I’m settling down to eat Sunday roast beef and its various accompanying vegetables in my local pub in South London. Various singletons and couples are reading the ‘quality’ Sunday press; the Independent on Sunday, the Observer, the Sunday Telegraph and the Sunday Times. One couple is sitting nearby. She reads a pull-out glossy magazine, he reads a three page supplement of Obama vs. Romney. The small baby boy is bashing his Yorkshire pudding with his rattle as if it were the most bashable object on the planet.

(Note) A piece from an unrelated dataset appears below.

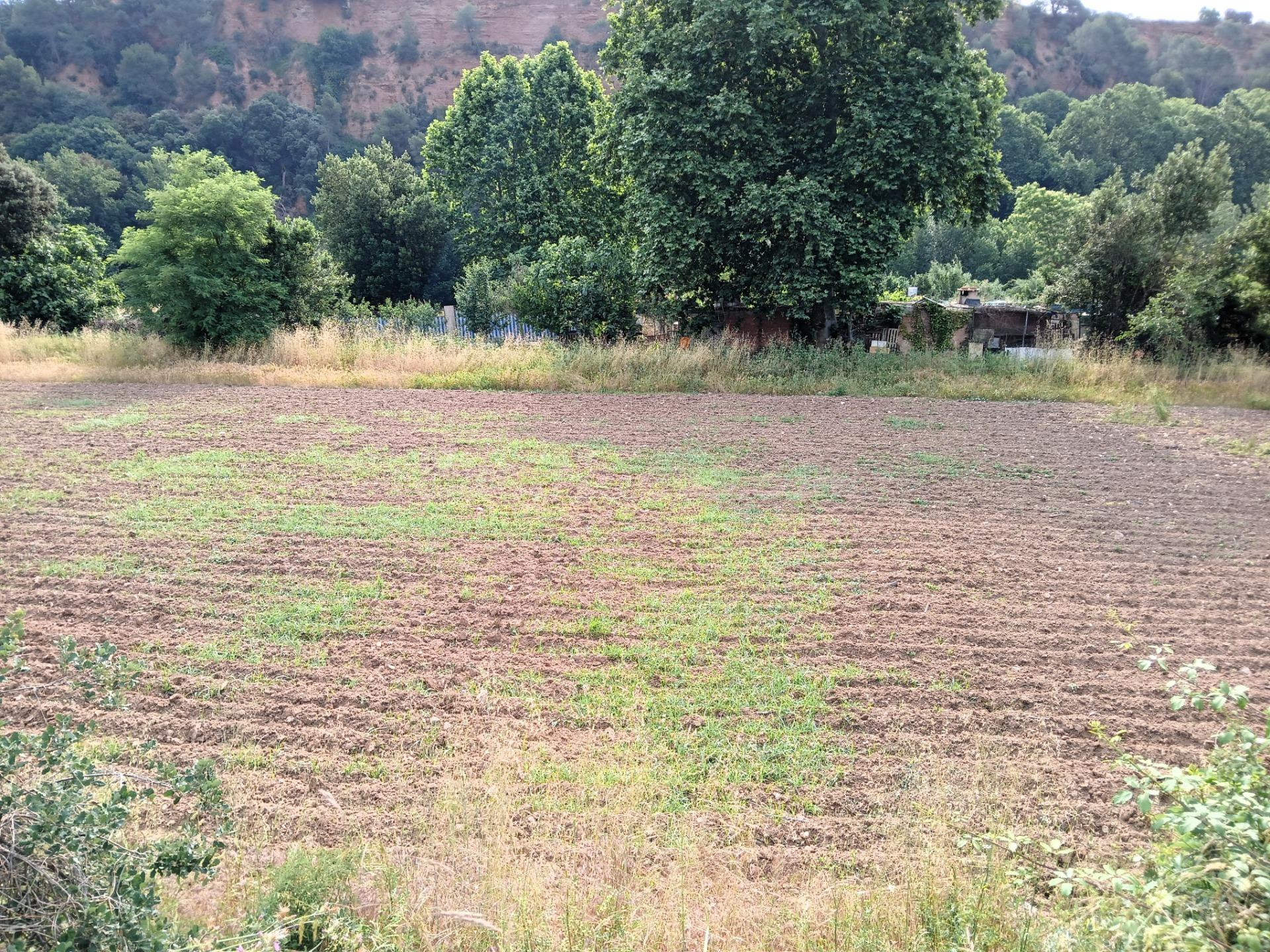 FINCA RÚSTICA AGRARIA - foto 4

Like Dad, I’m reading all the coverage of the U.S. election, and am enjoying the comment and analysis, the pros and cons, the calm and then hysterical. First and foremost I look for the infographics. All but one carry the inevitable horizontal stacked bar chart with blue on the left, and red on the right. In the middle of the bar a marker annotates “270 to win” and on the left the graphics states that Obama has 201 solid votes (here’s an nice twist on the traditional stacked bars from the Telegraph by the way). It strikes me odd that I’ve never ever known American politics to veer to the left. The friends I studied with at Poynter in 1997, and the wonderful faces I have since met at various “West of the Atlantic” newspapers and SND events over the years have a “central” political bias, and only sometimes ever veer to the right. Mitt Romney, the GOP candidate, has 191 solid votes. I enjoy a mouthful of beef and then swallow a slurp of red wine.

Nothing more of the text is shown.